Monday, March 26, 2012

Next Steps

My self-portrait from kindergarten depicts me as a teacher, the grown-up I always knew I would be. As a fourth-generation educator, I’m proud to be continuing a family legacy that has been wrought in one-room schoolhouses, special education programs, and multicultural classrooms for the past 90 years. My great-grandmother, grandmother, and mother have each wholeheartedly invested themselves in the lives of their students, as elementary school teachers are wont to do, and I’m inspired by the hard work, generous spirits, and feisty nature of these women who have come before me.

I love school. I always have. I’ve been living within the rhythms of the school year—beginning with crisp fall mornings and ending as the June ocean breezes bring in tourists and the sounds of summer—since I was five years old. There is something magical about education, and I’ve never quite been able to leave its spell.

Education is proactive. It is an incredible agent of change, and it is the greatest and most effective tool for achieving social justice that I have encountered. Education changes lives—I’ve seen it alter the paths of countless students’ lives.

I know it has changed mine, and it will this autumn when I become a student once again.

Two weeks ago, I received a letter:

“Dear Julia,
Congratulations! I am pleased to inform you that you have been admitted to the Master of Education program in International Education Policy at the Harvard Graduate School of Education to pursue full-time study for the 2012-2013 academic year. […]”

CAMBRIDGE, HERE I COME!

I have always loved the Boston/Cambridge area, and I can’t wait to try life on the East Coast. I am excited, overwhelmed, honored, …but mostly just excited.
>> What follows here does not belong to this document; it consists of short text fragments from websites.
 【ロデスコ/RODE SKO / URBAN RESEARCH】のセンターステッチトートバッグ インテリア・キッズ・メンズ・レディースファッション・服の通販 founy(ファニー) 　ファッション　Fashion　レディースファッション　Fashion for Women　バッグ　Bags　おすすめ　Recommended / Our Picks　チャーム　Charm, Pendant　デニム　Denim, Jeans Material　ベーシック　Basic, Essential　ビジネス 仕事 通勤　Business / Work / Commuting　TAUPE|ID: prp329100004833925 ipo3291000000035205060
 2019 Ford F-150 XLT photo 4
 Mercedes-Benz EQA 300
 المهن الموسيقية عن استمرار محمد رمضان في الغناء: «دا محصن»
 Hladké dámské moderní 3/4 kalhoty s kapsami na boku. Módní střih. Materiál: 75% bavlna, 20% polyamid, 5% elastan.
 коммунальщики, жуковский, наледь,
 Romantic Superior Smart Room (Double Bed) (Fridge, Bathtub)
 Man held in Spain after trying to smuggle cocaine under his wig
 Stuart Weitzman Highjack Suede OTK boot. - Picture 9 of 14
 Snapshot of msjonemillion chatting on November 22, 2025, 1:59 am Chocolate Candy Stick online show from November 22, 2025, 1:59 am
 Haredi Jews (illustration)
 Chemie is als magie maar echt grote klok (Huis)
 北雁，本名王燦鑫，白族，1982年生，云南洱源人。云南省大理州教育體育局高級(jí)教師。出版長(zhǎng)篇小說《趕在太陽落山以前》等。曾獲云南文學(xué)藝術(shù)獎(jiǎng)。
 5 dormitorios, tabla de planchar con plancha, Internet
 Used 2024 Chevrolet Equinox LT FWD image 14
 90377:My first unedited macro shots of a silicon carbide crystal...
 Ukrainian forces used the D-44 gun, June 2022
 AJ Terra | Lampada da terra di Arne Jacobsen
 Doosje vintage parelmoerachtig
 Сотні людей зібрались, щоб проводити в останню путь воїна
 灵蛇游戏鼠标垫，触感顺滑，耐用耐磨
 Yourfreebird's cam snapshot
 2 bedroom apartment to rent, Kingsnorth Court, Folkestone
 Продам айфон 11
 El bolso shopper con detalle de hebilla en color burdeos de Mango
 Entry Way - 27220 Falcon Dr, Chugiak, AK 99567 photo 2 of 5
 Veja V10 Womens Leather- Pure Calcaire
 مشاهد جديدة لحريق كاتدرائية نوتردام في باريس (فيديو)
And so, here’s the Oscar speech…

Thank you to Chris, Kathryn, and Kristin for writing letters of recommendation for me. For your support during our time working together and now in this new endeavor, I am forever grateful.

For being my biggest cheerleaders in the beginning—especially over our Thanksgiving meal of 2008, Michael and Densil, you rock.

For reading my personal statement, offering astute feedback, and assuaging my fears that it was all a bunch of fluff…Erinn and Jason, asante sana!

And for my family, who has already looked up the Hampton Inn nearest Harvard so they can come visit (twice), I love you so much!

Orientation begins on August 27, and then I have ten months to “suck out all the marrow” of this incredible experience.